Early season silverware always provids a pleasant boost, and for Mitchelstown, it’s meant the extension of a competitive unbeaten run to ten games.
The north Cork club ended last season’s championship as beaten quarter-finalists, falling to eventual beaten finalists Ilen Rovers, losing out 2-12 to 1-10. Since the start of the new year, they've managed to go the entire league campaign without defeat, before rounding out their Division 5 league with an emphatic victory over Canovee in the final.
“Unbeaten in the league is a great achievement,” Mitchelstown manager Denis Reen said. “But we never set out targets to be unbeaten. Every game, we just wanted to play at a certain level and see how good our efficiency was against teams.
“We got very, very consistent, which I like, I think.
"The culture in the club before was, maybe trying to peak for championship and stuff. But I'm a firm believer there's no such thing as peaking.”
Six wins and three league draws certainly support Reen’s point, though they’ll be a greater force again come championship with Cork footballers Seán Walsh and Cathail O’Mahony back in the fray. The two certainly made their presence felt in the victory over Canovee.

“No, no break [for Seán], and same with Cathail as well. It's great to have the two boys. It's great for lads,” Reen explained. “It's actually our second game this year having them. We had them for Bantry as well.
“We had Sean for half an hour for Bantry, we’d Cathail for the full game.”
The presence of both on that day yielded a 5-16 to 2-18 league win, and they’ll be key in the run before the start of championship.
“Especially leading up to championship, it's nice to get them in, you know, playing with the boys as well and playing to a certain structure as well that they probably wouldn’t be used to it.
“We make clear in this group, we have no individuals,” Reen outlined. “We have a 42-man squad and they're all biting their head off each other. And all the lads that came in brought a massive intensity and kept up the second-half performance.
“The level of the second half was exceptional, but it was brilliant. It was very good to watch.

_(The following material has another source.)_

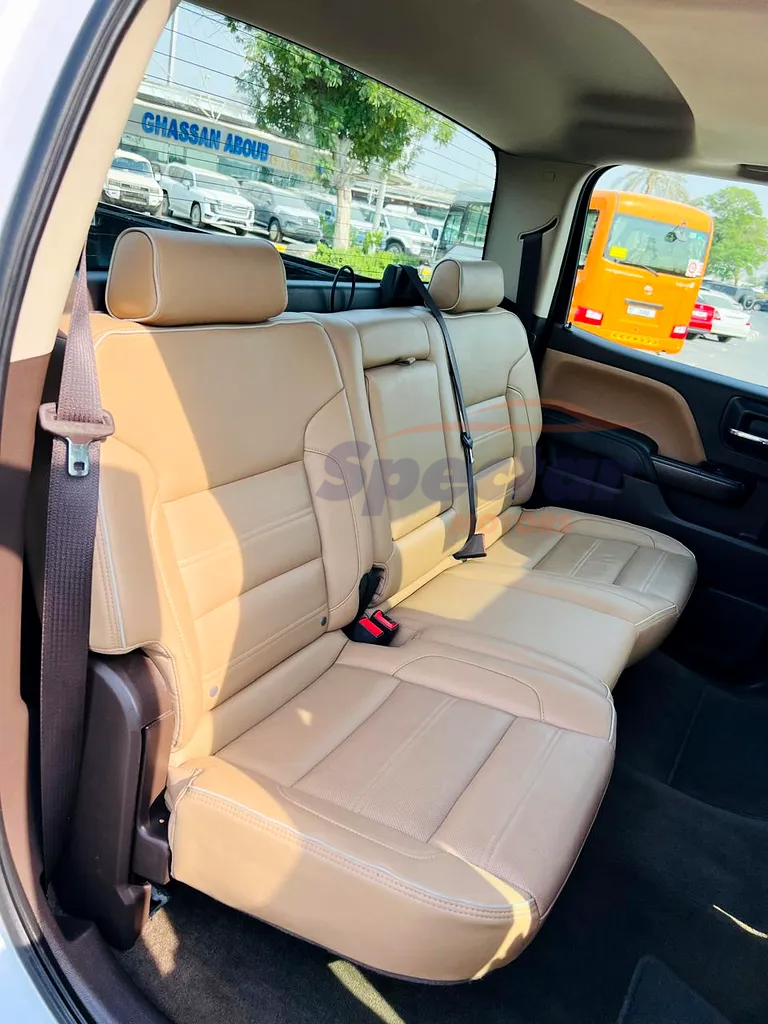 
								GMC Sierra Denali Ultimate full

“We train really hard. We train for 64 minutes every night without a break. The level of fitness has gone up, we look very toned.
“The S&C is brilliant, and they haven't come through me through the league, they know when to step away as well. I like S&C to be done in the winter, and then it’s all ball work then when the league starts.”
The squad’s conditioning really shone through in the third quarter, as they put the game to bed and punished Canovee with plenty of turnovers. It bodes well for championship, but given Mitchelstown’s history in the Intermediate A Football Championship – having lost four finals in the last nine years – Reen is not looking any further than the opening round.
“I just worry about Gabriel Rangers. After the league final, my full focus is on Gabriel Rangers.
“Gabriel Rangers played Mitchelstown last year in the first round and beat them by five points,” he said. “So, in my eyes, that's an uphill battle already. Once we stay really tuned in and the effort is there, ourselves and Gabriel Rangers will be very, very close on the day.”